- **WHAT YOU SHOULD DO**
Search the lines of the records for the word "Antibody", and copy every line that has it.

#### WORKING DATA

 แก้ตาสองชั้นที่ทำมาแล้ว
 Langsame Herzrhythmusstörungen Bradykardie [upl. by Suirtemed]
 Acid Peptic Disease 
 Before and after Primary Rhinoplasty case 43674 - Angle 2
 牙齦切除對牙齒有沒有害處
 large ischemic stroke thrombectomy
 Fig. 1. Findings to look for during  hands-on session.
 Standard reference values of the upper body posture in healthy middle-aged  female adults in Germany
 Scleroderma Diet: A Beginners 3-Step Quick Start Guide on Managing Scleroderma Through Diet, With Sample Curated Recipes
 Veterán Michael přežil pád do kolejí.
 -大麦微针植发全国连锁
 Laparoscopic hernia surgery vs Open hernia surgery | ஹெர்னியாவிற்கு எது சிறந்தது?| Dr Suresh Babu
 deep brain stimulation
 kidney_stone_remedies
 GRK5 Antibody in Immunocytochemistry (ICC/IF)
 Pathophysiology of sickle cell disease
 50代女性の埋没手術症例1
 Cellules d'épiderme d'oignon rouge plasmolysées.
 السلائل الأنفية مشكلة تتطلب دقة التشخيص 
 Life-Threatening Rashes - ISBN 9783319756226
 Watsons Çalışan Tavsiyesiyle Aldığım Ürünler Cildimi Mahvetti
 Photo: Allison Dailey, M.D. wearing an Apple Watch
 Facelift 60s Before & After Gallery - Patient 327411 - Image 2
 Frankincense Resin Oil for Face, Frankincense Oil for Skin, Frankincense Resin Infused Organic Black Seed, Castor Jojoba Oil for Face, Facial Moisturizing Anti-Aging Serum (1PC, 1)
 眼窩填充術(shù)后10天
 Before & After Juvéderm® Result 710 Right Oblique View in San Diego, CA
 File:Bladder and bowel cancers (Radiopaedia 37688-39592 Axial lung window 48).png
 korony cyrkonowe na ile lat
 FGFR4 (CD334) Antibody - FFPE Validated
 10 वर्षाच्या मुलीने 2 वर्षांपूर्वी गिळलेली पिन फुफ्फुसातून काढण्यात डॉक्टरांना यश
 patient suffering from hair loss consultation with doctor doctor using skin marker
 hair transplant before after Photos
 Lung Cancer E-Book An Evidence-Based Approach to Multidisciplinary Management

########

- **RESULT FOR THIS TASK**
 GRK5 Antibody in Immunocytochemistry (ICC/IF)
 FGFR4 (CD334) Antibody - FFPE Validated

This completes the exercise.